• **Record extracts**
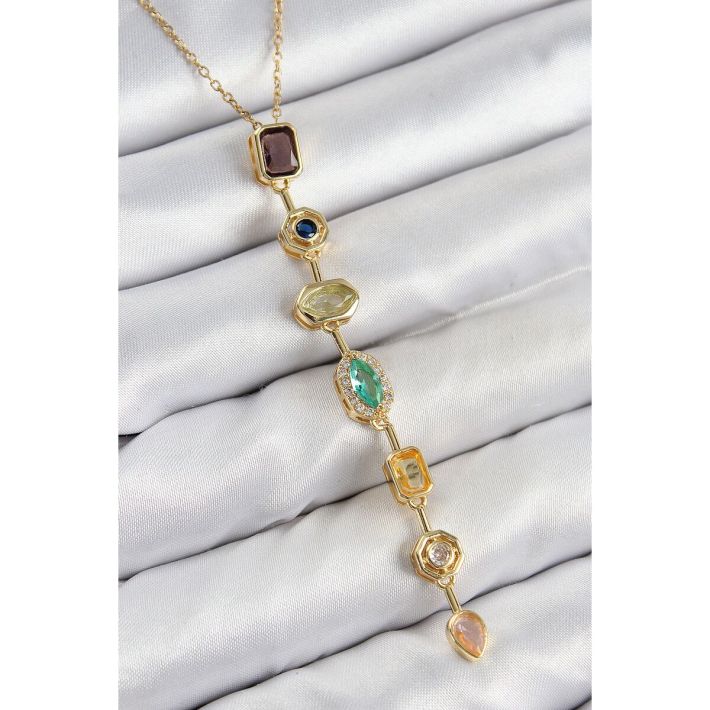 Pirinç Renkli Zirkon Taşlı Model Gold Renk 7 Element Kadın Y Kolye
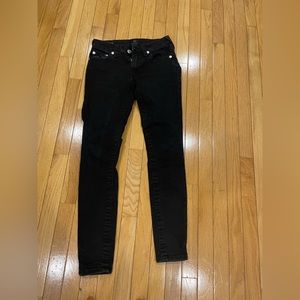 True Religion Jennie Curvy Midrise Skinny black jeans.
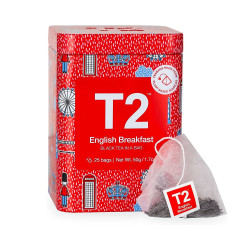 T2 Tea-English Breakfast Tea Bag Icon Tin 25 Pack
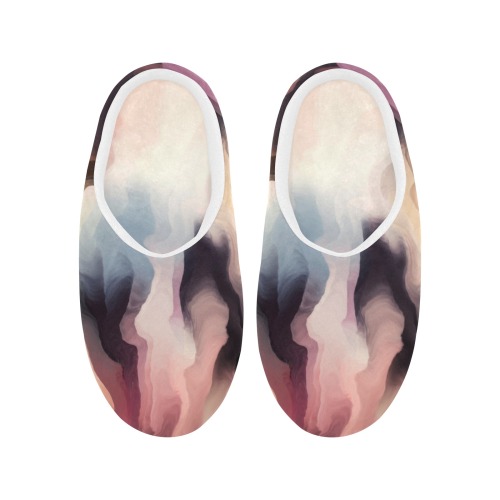 Digital liquid painting 23 Women's Non-Slip Cotton Slippers (Model 0602)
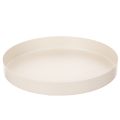 Floristik24 Plateau décoratif rond en métal 20 cm crème pour intérieur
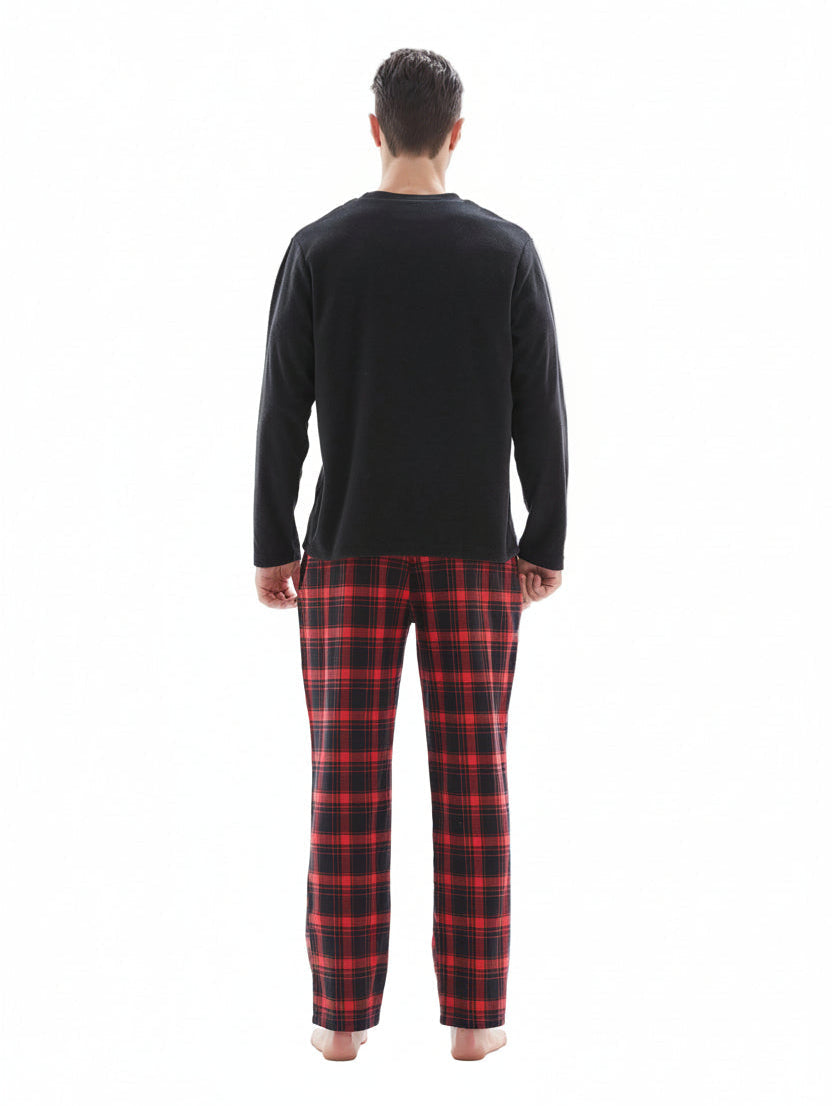 Men's Thermal Fleece Lounge Set with Cozy Check Cotton Pants
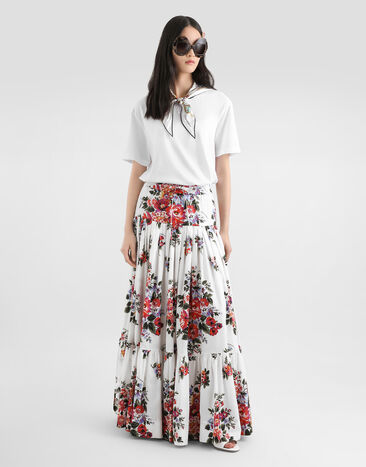 Dolce & Gabbana 티셔츠 저지 소재 스카프 디테일 DG 자수 장식 화이트 F8W33ZGDDPW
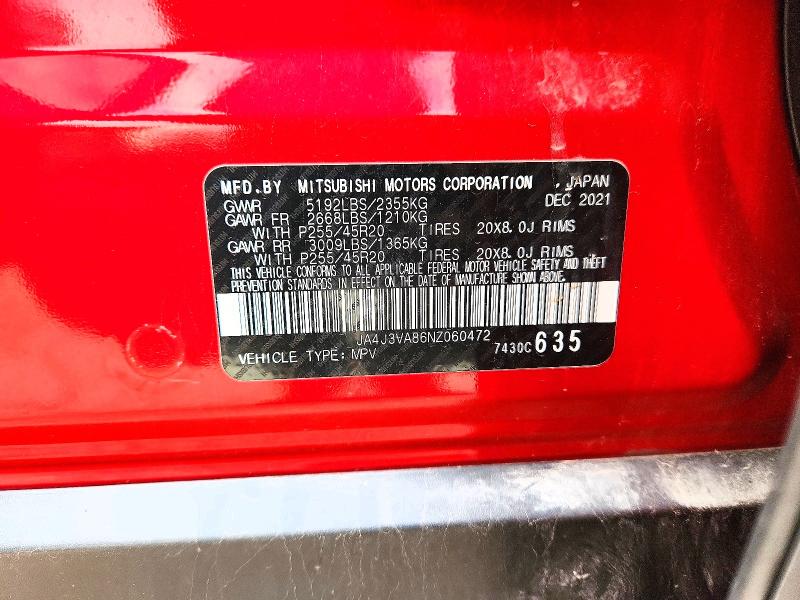 Aukcja sprzedaży 2022 Mitsubishi Outlander, vin: JA4J3VA86NZ060472, numer aukcji: 53241026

• **Exercise details**
What you write out is the stretch of entries from the line containing "T2 Tea-English Breakfast" to the line containing "Men's Thermal Fleece", word for word, with both end lines and no pictures.

• **Exercise answer**
 T2 Tea-English Breakfast Tea Bag Icon Tin 25 Pack
 Digital liquid painting 23 Women's Non-Slip Cotton Slippers (Model 0602)
 Floristik24 Plateau décoratif rond en métal 20 cm crème pour intérieur
 Men's Thermal Fleece Lounge Set with Cozy Check Cotton Pants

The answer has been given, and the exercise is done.